For several weeks now, students in France have been protesting a new law introduced by Prime Minister Dominique de Villepin that makes it easier for employers to fire young workers under the age of 26 from their first jobs. De Villepin's logic is that companies will be more inclined to hire younger workers if they know they also have the option of laying them off. More than 20 percent of France's 18-25 year olds are jobless, and that figure rises to 50 percent in the Parisian suburbs where rioting broke out last autumn. Though the autumn riots were dominated by immigrant youth, they do share a common theme with the March protests: Whether Muslim, Catholic or Jewish, France's young are desperate for better career prospects. That's the emotion fueling the current protests, which have erupted in violent scenes reminiscent of the student rioting that took place in France in 1968.
In Paris on Thursday night, hundreds attended a rally at the Place de la Sorbonne -- in front of the famous university -- where they set fires and vandalized cars. Protesters also vandalized nearby cafes and burned down a bookstore, filling the area with clouds of smoke. Police sought to break up the violent crowd using tear gas and water cannons and said that right-wing extremists had also infiltrated the demonstrations, running through the streets with face masks and attacking other protesters with sticks.
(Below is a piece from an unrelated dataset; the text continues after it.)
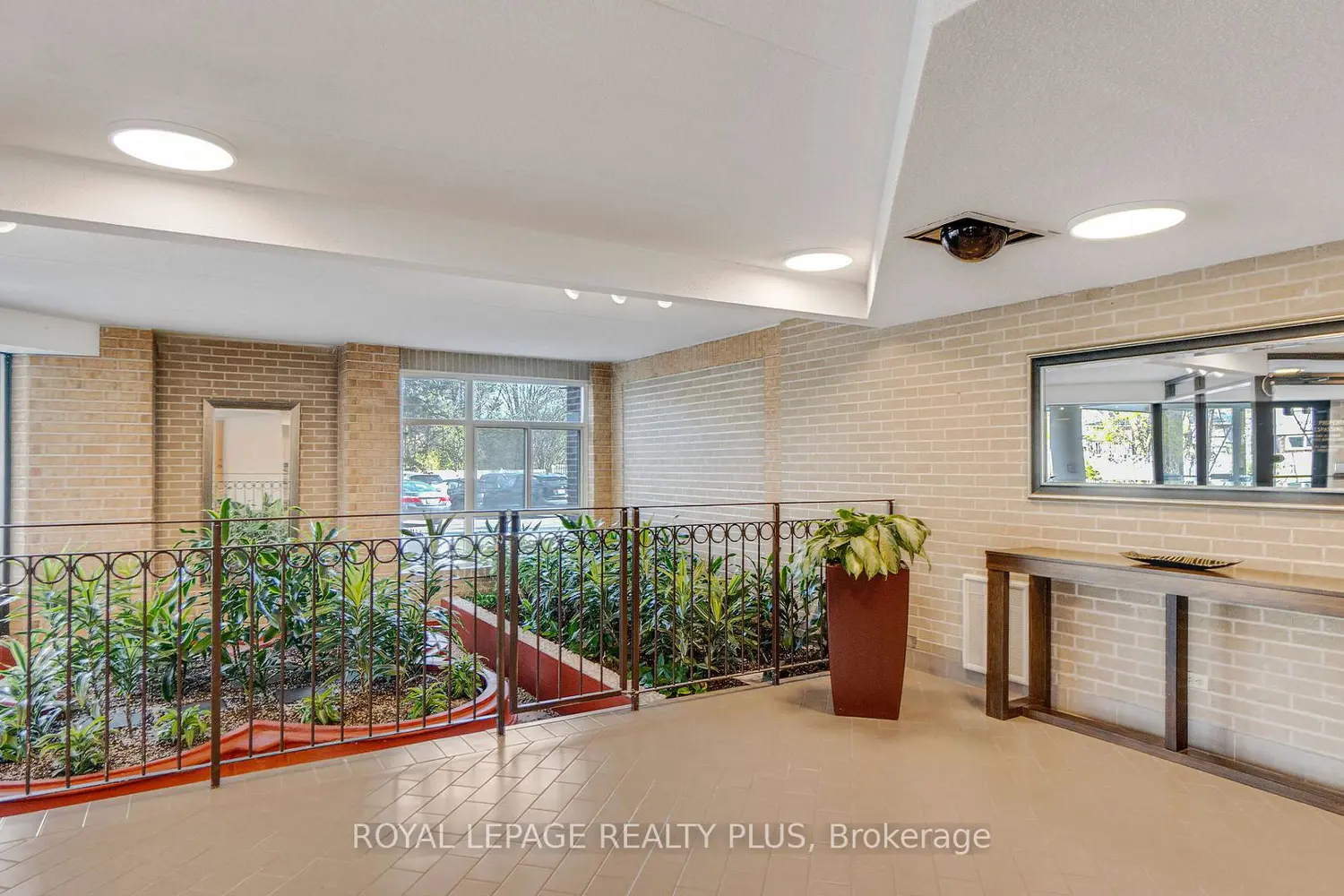 8 Christopher Court 603 photo 4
Violent protests also spread to other cities across France. In the western city of Rennes, organizers said 15,000 people attended a peaceful demonstration. But even there several dozen youth were reported to have set trash cans on fire, vandalized cars and attacked police.
Police estimate that close to 250,000 students took to the streets across France on Thursday, but student groups have put that figure at about 500,000. In Paris alone, police estimated a total of 33,000 protestors; organizers said there were 120,000. In Bordeaux, 25,000 stormed the barricades; 15,000 in Marseille; 12,000 in Lille; 10,000 in Clermont-Ferrand and Angers and 8,000 in Lyon.
At demonstrations planned for Saturday, those numbers are expected to swell dramatically as unions and members of France's leftist parties join the students. On Tuesday, last time the two groups converged, organizers estimated there were a total of 1.1 million protesters.
French officials, though, are showing no signs of budging on the new measure. Prime Minister de Villepin says he is "open to dialogue, in the framework of the law, to improve the first job contract," but he has not indicated he would withdraw the measure. However, French Labor Relations Minister Gerard Larcher told RTL radio that the two-year trial period in the new contracts was not "hard and fast," and employers and unions could still negotiate the exact terms.
On Wednesday, 46 university heads called on students and the government to open a dialogue. And on Friday evening, de Villepin planned to meet with the heads of France's universities in an effort to deescalate what is fast becoming a national crisis. According to student organizations, students are on strike at 66 of France's more than 80 universities.